Yeah, these are Santa Ana-like. These were a little bit different from a traditional Santa Ana event because they were driven by a slightly different low-pressure system in a slightly different spot. That is partly why the winds are coming more from the north than from the east, and also why they were stronger than usual and reached deeper into the valleys than usual. But if you can think of it as being Santa Ana or Santa Ana-adjacent, it’s the same general idea. We only see winds that strong every five or ten years or so. So it’s notable for sure, but it’s far from unprecedented in its own right.

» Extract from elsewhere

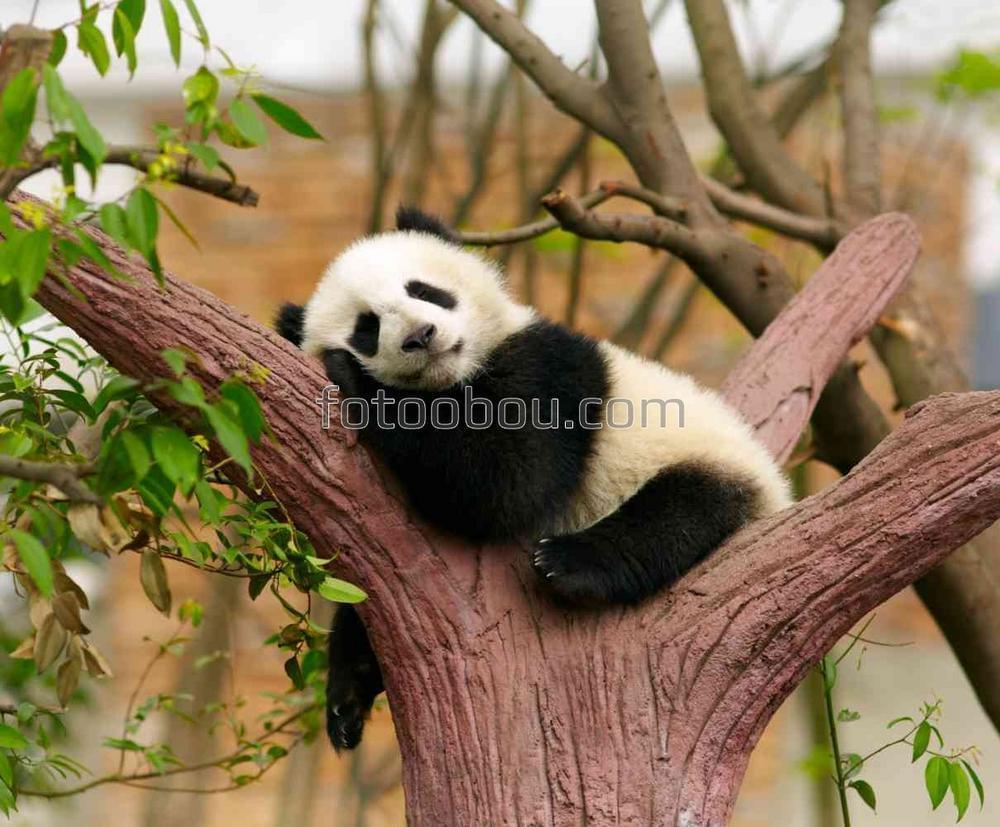 Спящая на дереве маленькая панда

The preconditions, though, were drastically more unusual, bordering on unprecedented—specifically how dry conditions have been. And that is essentially quantified by looking at how much rain has or has not fallen in the Los Angeles area or San Diego area. And what we find is that this is now either the driest or second-driest start to the season on record throughout Southern California, going back a hundred years. In modern history, it has not been this dry this late in the ostensible rainy season.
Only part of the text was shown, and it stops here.